Ouvrant le sommaire se trouve sans doute le plus intéressant de ces récits. Il s’agit d’un épisode consacré à Doctor Strange, écrit par Roger Stern et dessiné par Neil Vokes. Les lecteurs des posts précédents ont donc aussitôt identifié l’un des récits destinés à l’origine à la série Marvel Universe , sans doute dans la foulée de l’histoire de Captain America (exploitée dans Sentinel of Liberty ), donc peut-être pour l’éventuel numéro 9.
Sous une couverture de Mario Alberti, le récit nous permet de retrouver Stephen Strange alors qu’il revient du voyage à l’autre bout du monde qui a changé sa vie. De retour dans son pays d’origine, il décide de s’installer, et jette son dévolu sur une bâtisse à la mauvaise réputation… qu’il s’empresse d’acheter sans même que l’agent immobilier ait besoin de déballer son arsenal d’arguments.

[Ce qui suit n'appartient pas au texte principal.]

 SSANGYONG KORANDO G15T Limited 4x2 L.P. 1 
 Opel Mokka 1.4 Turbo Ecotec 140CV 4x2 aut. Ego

Comme dans les autres histoires (celle des Envahisseurs, celles des Chasseurs de Monstres), Stern utilise des prétextes classiques afin d’amener des idées plus surprenantes. Ainsi, via le personnage de l’agent immobilier, le scénariste nous laisse croire que la maison est hantée à cause de rituels païens perpétrés dans les fondations, voire même bien avant que celles-ci ne soient posées. Mais ces allusions lorgnant vers Shining ou Poltergeist sont des diversions.

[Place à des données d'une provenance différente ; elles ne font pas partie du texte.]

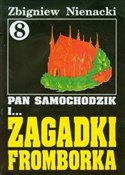 Polnische buch : Pan Samoch... - Zbigniew Nienacki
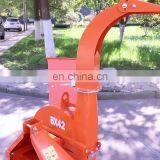 Agricultural Machinery Small Tractor Pto Driven Wood Chipper With ce thumbnail-1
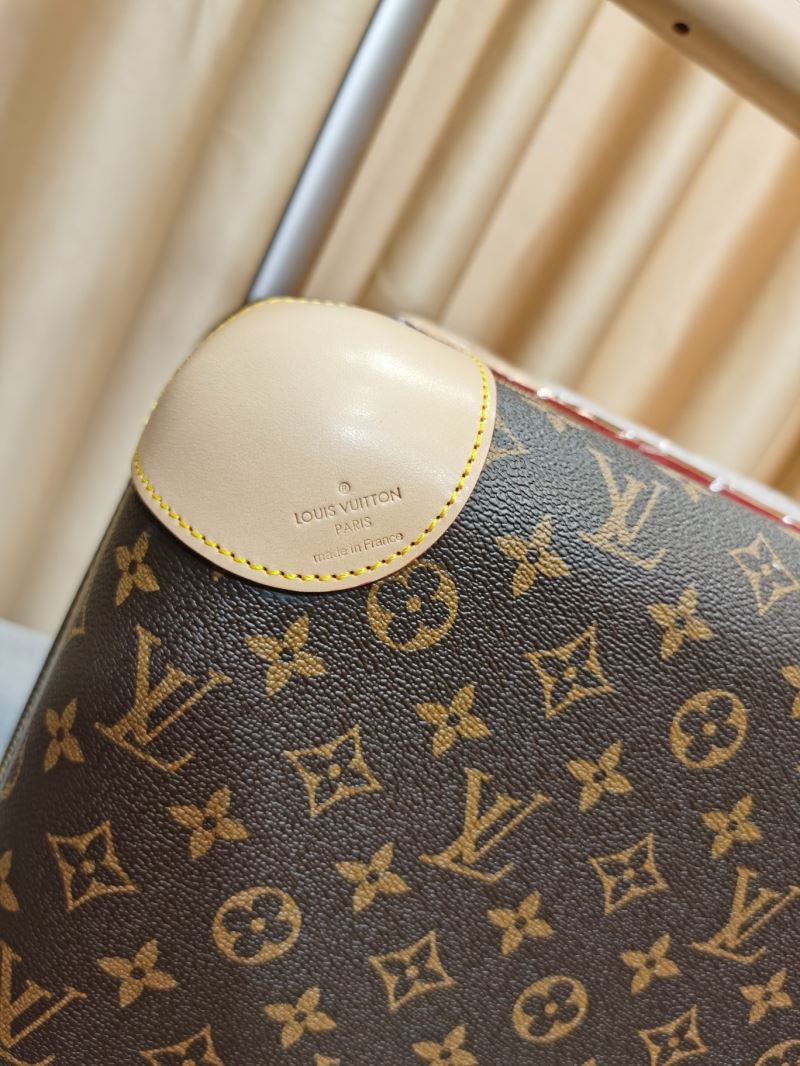 LV Suitcase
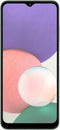 Samsung A22 5G Screenprotector - Full Cover - Gehard glas - Transparant - Just in Case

En effet, le shaman indien évoqué dans les dialogues semblait lutter contre une force extradimensionnelle à laquelle Strange, encore novice rappelons-le, va être confronté. Autre diversion, la structure du récit fait que les soupçons du lecteur peuvent se porter vers un autre ennemi du sorcier, bien connu des lecteurs de longue date. Mais là encore, c’est une feinte du scénariste.
Quand la confrontation survient, le jeune magicien utilise autant les sorts qu’il a appris auprès de l’Ancien que sa tête, et même ses muscles. Et la fin du récit place cette bataille dans le cycle d’apprentissage, sorte de dernière épreuve confirmant la place d’élève de premier ordre qu’occupe Stephen dans le cœur de l’Ancien.
Au dessin, Neil Vokes, qui a déjà dessiné Doctor Strange à l’occasion d’un numéro spécial de la série Untold Tales of Spider-Man (dont Stern avait déjà assuré les dialogues) rend un hommage graphique très agréable à Steve Ditko. Son Strange anguleux, aux traits presque asiatique, renvoie au premier épisode dans Strange Tales . Le dessinateur réinvestit tout le catalogue d’astuces visuelles, reproduisant merveilleusement les mondes bizarres et les représentations des sorts. Il est soutenu par les couleurs rusées de Lee Loughridge, qui confère aux flash-backs des palettes différentes aux touches sépia du meilleur effet.
Constituant donc le dernier épisode de Marvel Universe qui n’ait pas trouvé refuge quelque part, cette aventure ressort donc des tiroirs à l’initiative du responsable éditorial Tom Brennan, qui s’empresse de contacter Roger Stern pour que ce dernier rédige les dialogues. Stern avait commencé l’exercice en 1998, au moment où Vokes avait réalisé les planches, mais il a entre-temps perdu le fichier. Il n’en avait rédigé que l’équivalent de deux ou trois pages, disparues depuis lors. C’est donc une douzaine d’années plus tard qu’il reprend l’histoire, donnant au récit une voix off ni trop pesante ni trop envahissante, mais qui correspond bien à la plongée intérieure que vit le magicien dans le récit.